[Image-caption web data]
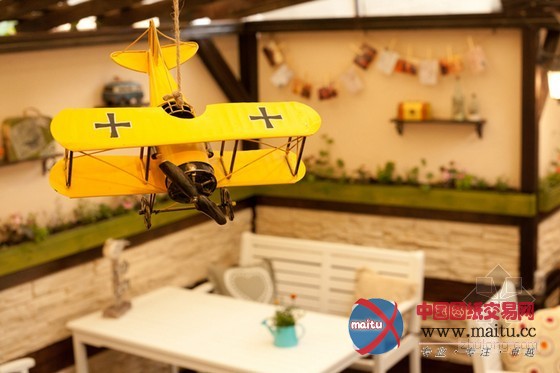 罗马尼亚奇特的手工装饰主题酒吧餐厅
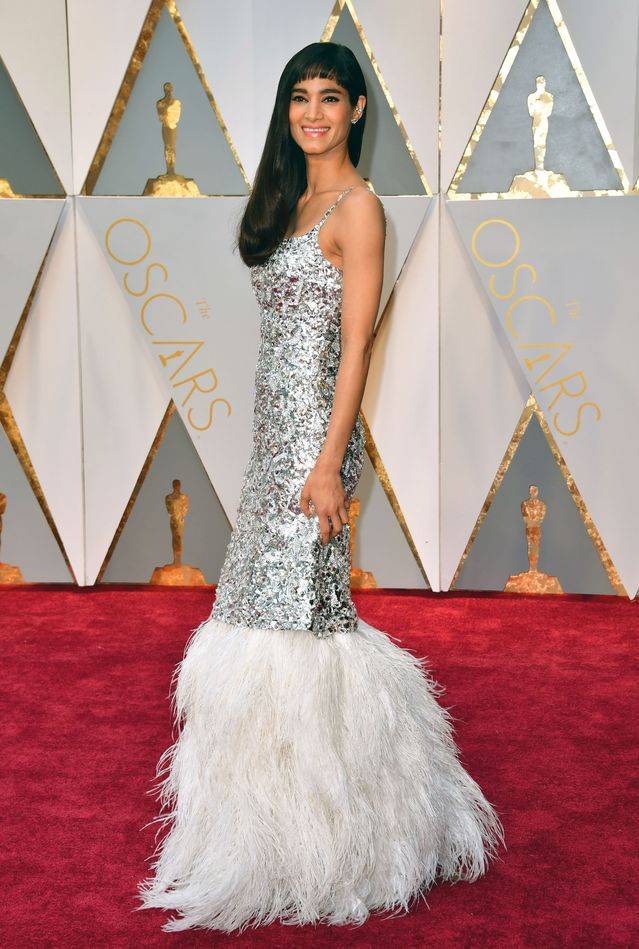 Najpiękniejsze kreacje Oscarów 2017 w kolorze złota, kremu i kości słoniowej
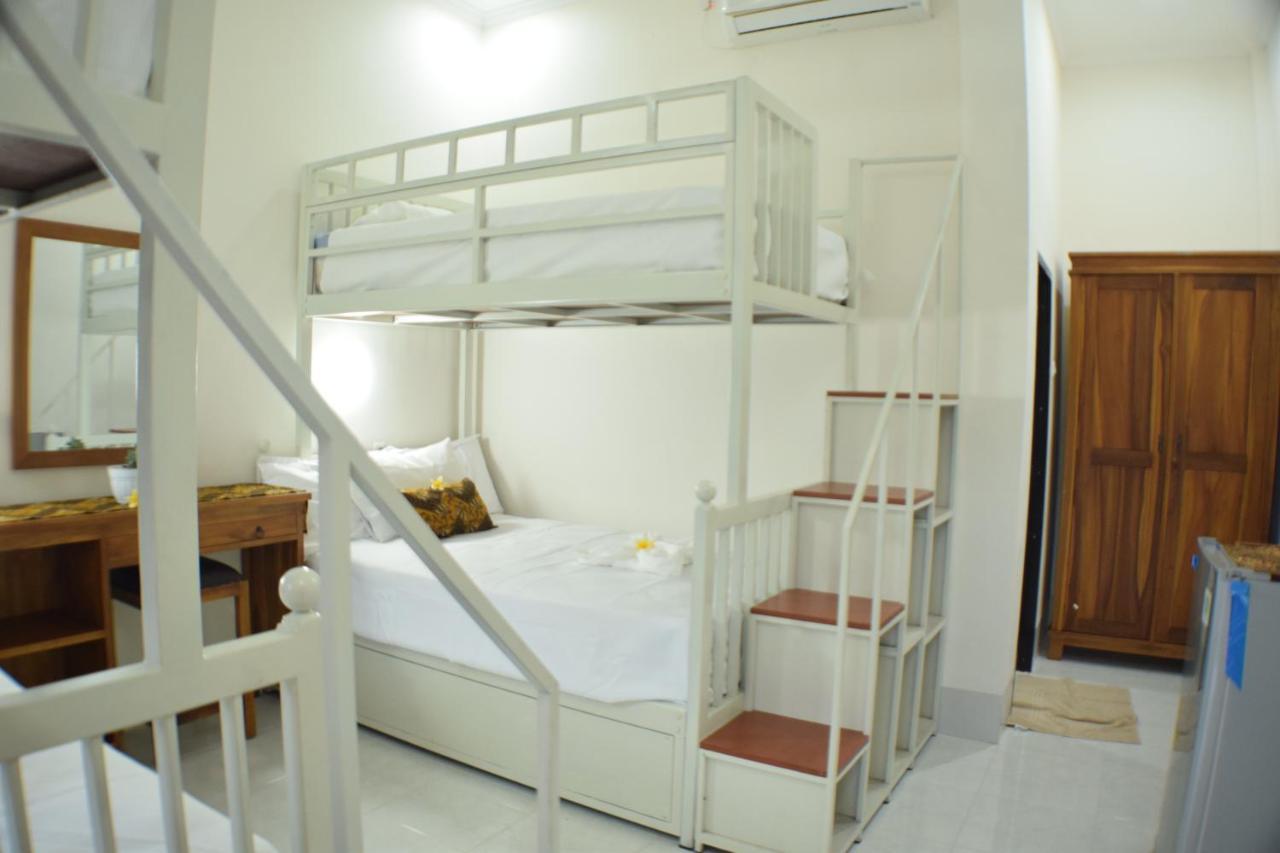 Kj Inn Homestay Сенггиги Экстерьер фото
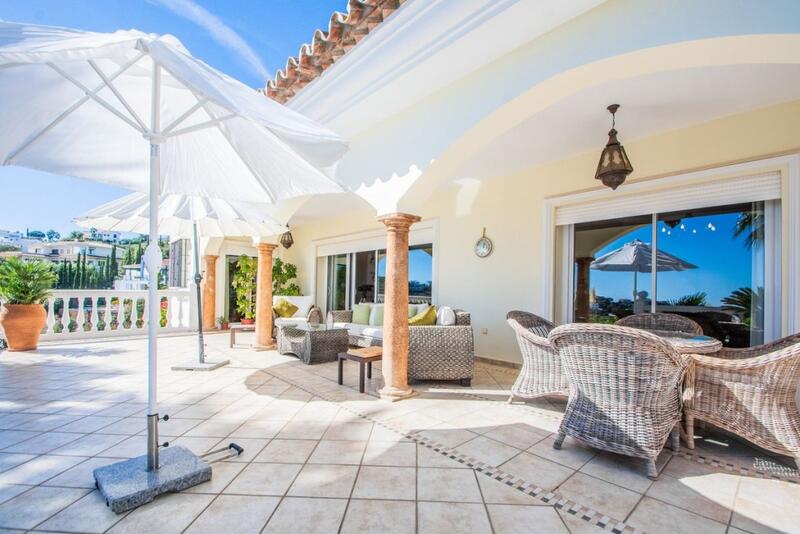 6 bedroom Villa for sale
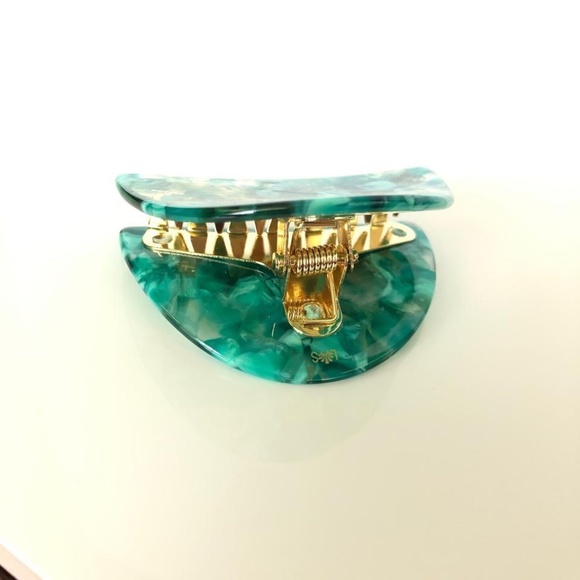 NEW Lele Sadoughi Laurel Green Butterfly Hair Clip - Picture 5 of 5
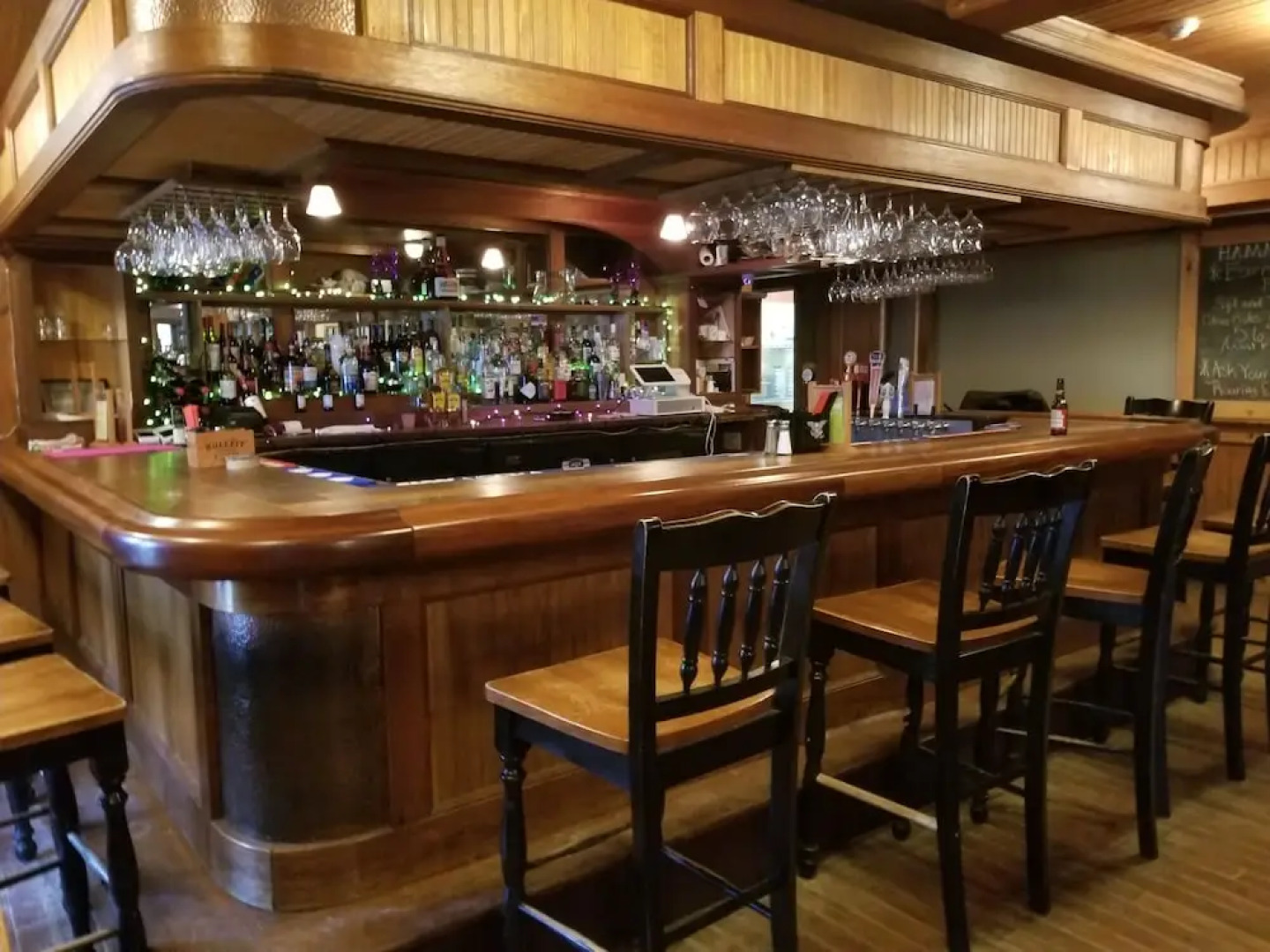 Hammos Pubstaurant and Lodge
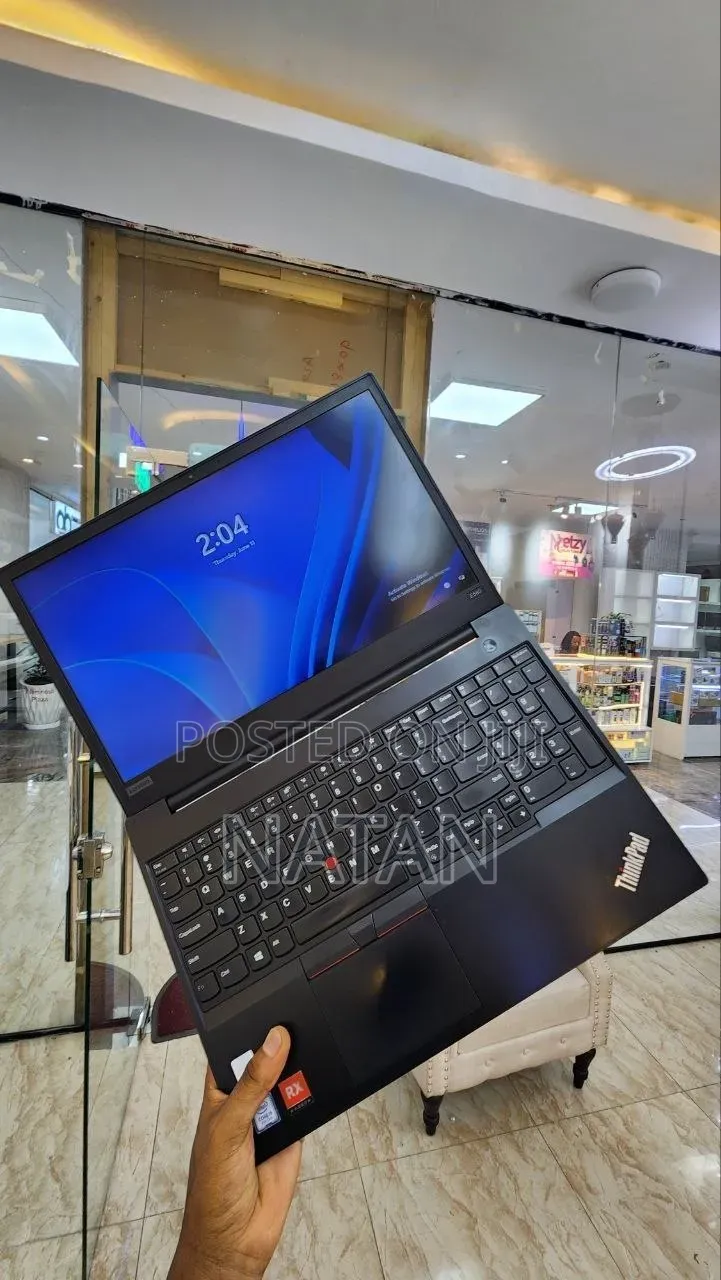 New Laptop Lenovo ThinkPad E580 8GB Intel Core i5 SSD 256GB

WHAT THE TASK ASKS -
Reproduce precisely the lines of the entries above, from the one containing "Hammos Pubstaurant and Lodge" through the final one, both ends included, and omit the pictures.

OUTPUT BELOW -
 Hammos Pubstaurant and Lodge
 New Laptop Lenovo ThinkPad E580 8GB Intel Core i5 SSD 256GB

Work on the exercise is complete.